Olhem, se esses caras quisessem ouvir o verdadeiro som que a famosa-banda-antiga ouviu e deu seu aval quando acabou o disco teriam que ouvir as fitas (ou cópias) de rolo originais nas quais as bandas gravaram e fizeram a mixagem final do seu disco. Os Beatles não gravavam em vinil. Gravavam em fitas de rolo enormes, de duas polegadas, e resolviam se o disco estava bom para ser prensado (em vinil) ouvindo-as no estúdio. Ninguém ficava passando pra vinil pra ver se estava bom.

Tem uma entrevista do Zé Rodrix, quando lançaram a obra do Jimi Hendrix remasterizada (em Cd) perguntado se fazia diferença – pra melhor ou para pior – dos vinis que ele tinha ouvido na época. Sua resposta foi maravilhosa

— Olha, depende… se você for “experienced” [experiente, calejado, experimentado] não faz muita diferença não. O som sempre esteve lá, de qualquer forma. Mas, agora, se não você não for experienced…vai fazer uma enorme diferença…

É isso.

O que importa é a música, o conteúdo. Não a forma.

Ontem tive uma experiência maravilhosa ouvindo o disco Beatles for Sale na sua última remasterização, em 24 bits (a maior tecnologia sonora que se pode alcançar hoje). Parecia que John Lennon estava na minha sala.

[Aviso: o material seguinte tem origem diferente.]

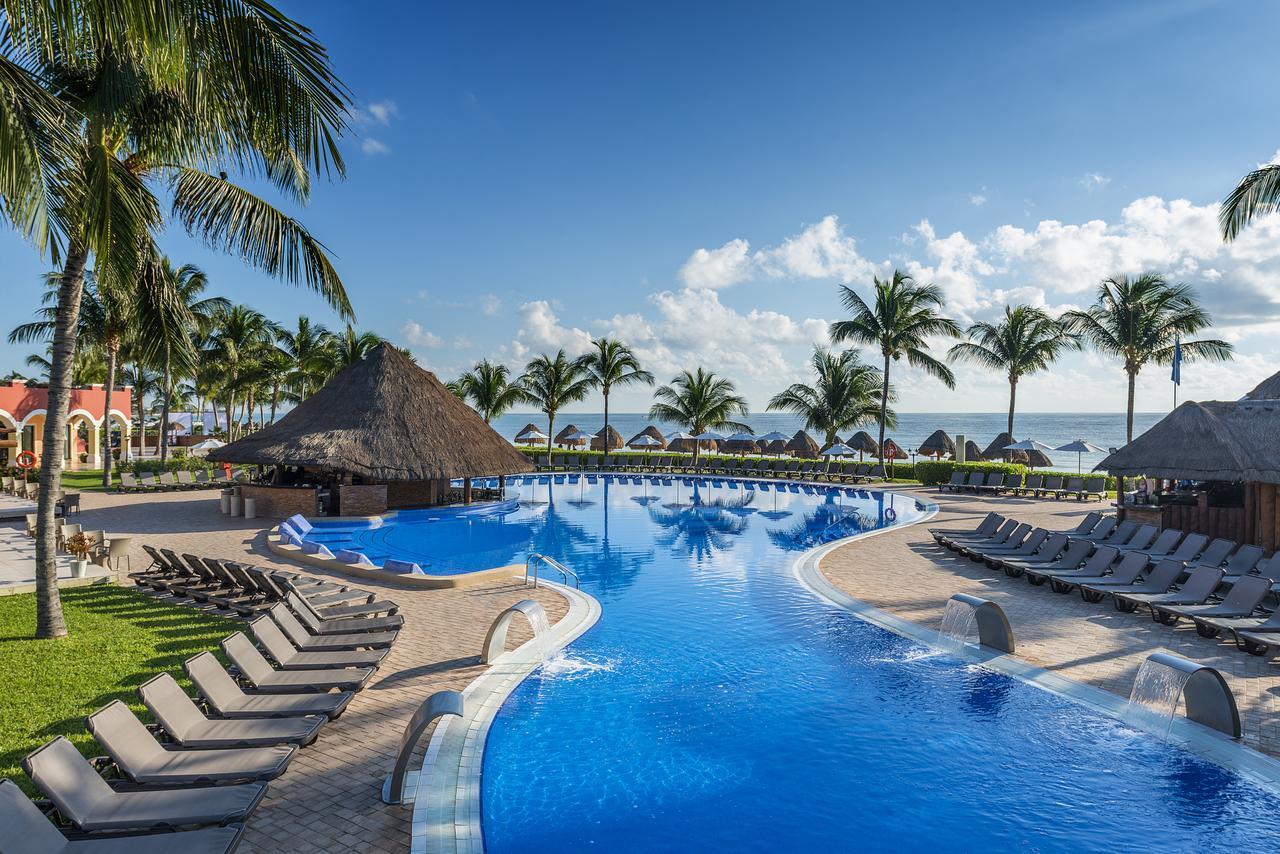 Ocean Coral & Turquesa (adults Only) Resort Puerto Morelos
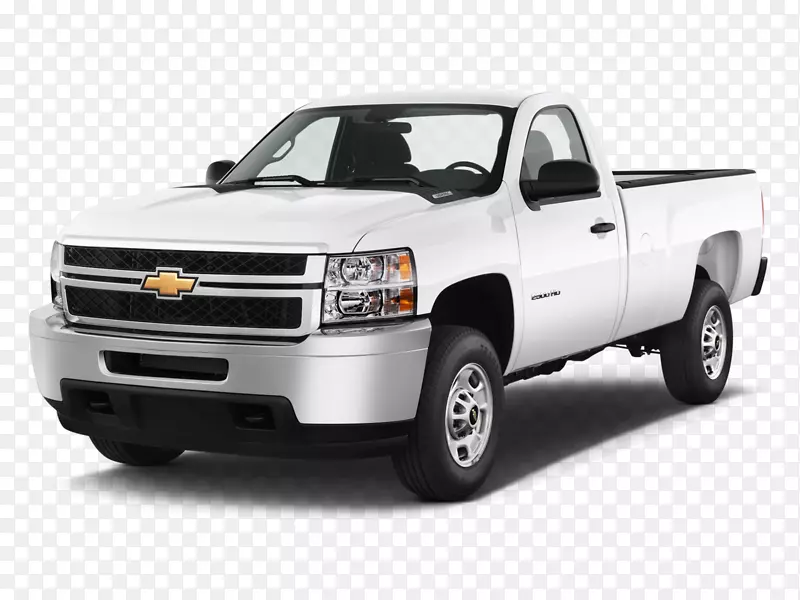 2013年雪佛兰Silverado 1500 2012雪佛兰Silverado 2500 HD 2012雪佛兰Silverado 1500轿车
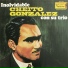 Cheito Gonzalez Con Su Trío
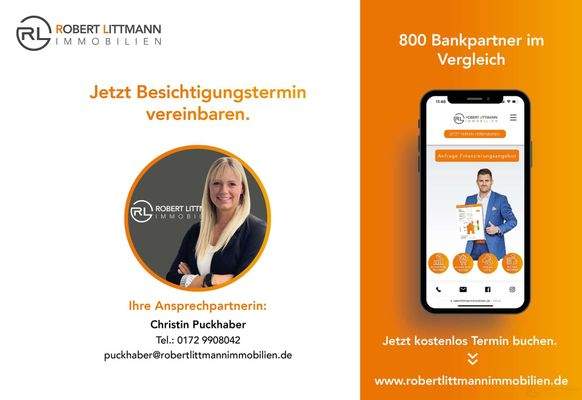 Ansprechpartnerin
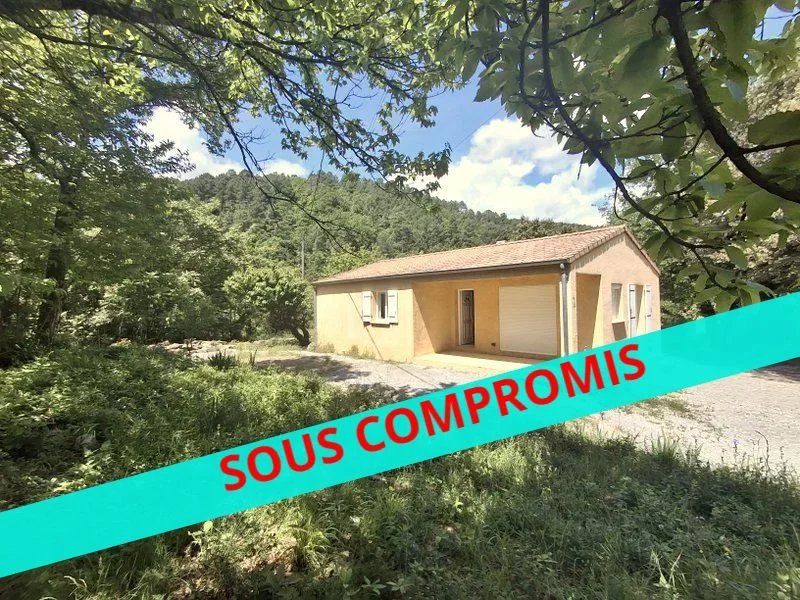 VILLA PLAIN PIED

E também ouço de vez em quando – pra lembrar do cheiro de chicletes e do perfume da minha primeira namorada – o primeiro disco que comprei,  em 1984, com meu próprio dinheiro: Abbey Road.

Se você gosta de vinil, ouça.

Se você gosta de fita, ouça

Se você gosta de som digital, ouça.

Mas não me encha o saco.

[1] De alta qualidade e valor duradouro, ou mostrando as melhores e mais típicas características de um determinado tipo de coisa, especialmente a partir do passado (Dicionário Cambridge).
 
[2] Corruptela do inglês “Roots”, que significa literalmente “raízes”, em inglês. Expressão criada no fim dos anos 90, por universitários do Instituto de Artes da Unicamp, e que tem vários sentidos dentro de um mesmo conceito inicial. Pode significar algo ligado às origens, como “samba de raiz”, por exemplo, mas alastre-se semi-oticamente por áreas como: rústico, antigo, tosco, forjado a ferro, que aguenta o tranco, sem muitas frescuras, original, etc, etc, O Fusca é um carro “ruts”, tal qual aquele bar de beira de estrada, como também aquela menina barraqueira, que não leva desaforo para casa…Um serviço mal feito ou acabado também pode também ser chamado de “ruts”.

Edu Pedrasse é músico profissional – guitarra e violão – há 28 anos. Possui Bacharelado e Mestrado em Música pela UNICAMP. É professor universitário na UNIMEP, no curso de Música Licenciatura e também é professor particular de música. Atua com seu show Entartete Jazz, nas casas de espetáculos de Piracicaba e região.